Tokoh utama novel ini adalah Lasi, perempuan cantik keturunan tentara Jepang. Lasi, perempuan yang malang ini, separuh lebih hidupnya mengalami kegetiran, kecil diolok teman sepermainan, menikah namun tidak punya anak, sampai kemudian dikhianati suaminya. Marah dengan kondisi rumah tangganya, Lasi memilih berpisah dengan sang suami, Darsa, untuk kemudian terjebak dalam bisnis birahi kelas atas di Jakarta. Sampai kemudian, Lasi bertemu dengan Kanjat, teman sepermainannya waktu kecil.

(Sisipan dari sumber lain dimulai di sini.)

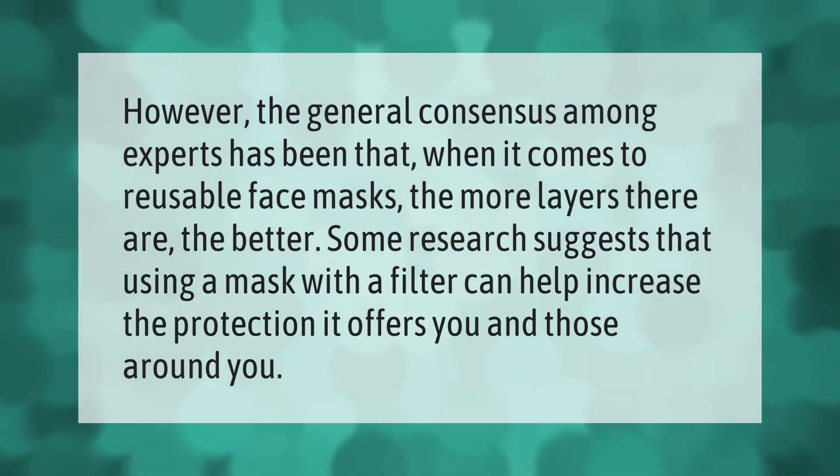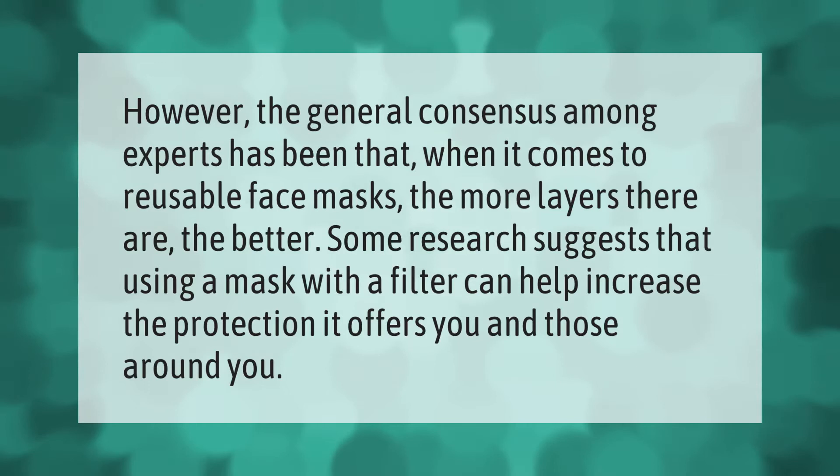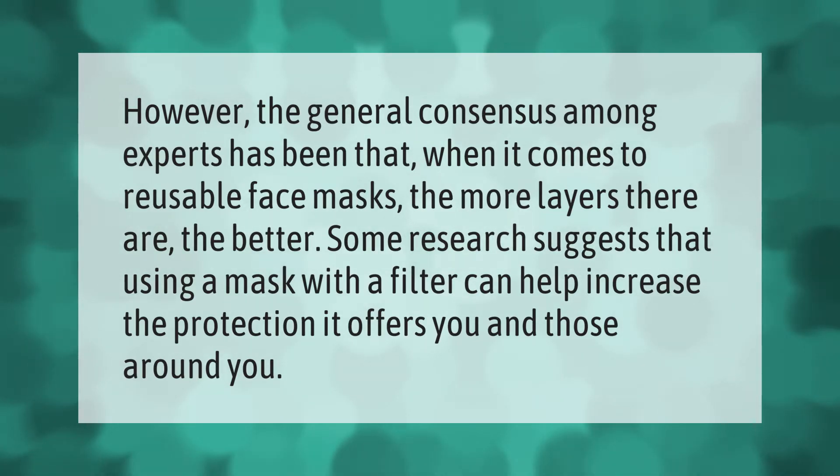The general consensus among experts has been that when it comes to reusable face masks, the more layers there are the better. Some research suggests that using a mask with a filter can help increase the protection it offers you and those around you.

Salah satu tokoh yang menarik untuk saya adalah Eyang Mus. Beliau adalah tetua desa Karangsoga, perawat surau, orang alim yang sering didatangi warga desa jika sedang menghadapi masalah. Ahmad Tohari begitu cemerlang dalam membuat berbagai petuah di dalam novel ini, lewat tokoh Eyang Mus. Dalam menghadapi beragam pertanyaan dari warga desa, Eyang Mus tidak pernah menyalah-nyalahkan warganya. Sama sekali tidak ada jargon surga-neraka dalam penuturannya.Â
Semua disampaikan dengan mudah dinalar. Dengan lemah lembut, ia mengajak warna karangsoga yang curhat kepadanya untuk melakukan refleksi, berpikir dan seringkali berhasil membuat sang penanya mendapat pencerahan.Â
Petuah bijak ini sayang jika dibiarkan tersembunyi di dalam ratusan lembar halaman novel ini. Untuk memudahkan saya, dan mudah-mudahan juga untuk pembaca, saya akan tampilkan beberapa kutipan menarik yang disampaikan oleh Eyang Mus di novel ini.
"Ya. Ikhtiar harus tetap dijalankan. Juga doa. Bila hendak memberikan welas-asih, Gusti Allah tidak kurang cara." (hal.45)
"Memang, wong lanang punya wenang. Tapi sekali-sekali tak boleh sewenang-wenang" (hal.57)
"Kukira kamu memang salah. Kamu telah menyakiti istrimu. Kamu juga telah mengabaikan angger-angger, aturan Gusti Allah dalam tata krama kehidupan. Tetapi jangan terlalu sedih, sebab kesalahan terhadap Gusti Allah mudah diselesaikan. Gusti Allah jembar pangapurane, sangat luas ampunannya. Kamu akan segera mendapat ampunan jika kamu bersungguh-sungguh memintanya. Gusti Allah terlalu luhur untuk dihadapkan kepada kesalahan manusia, sebesar apapun kesalahan itu." (hal. 82)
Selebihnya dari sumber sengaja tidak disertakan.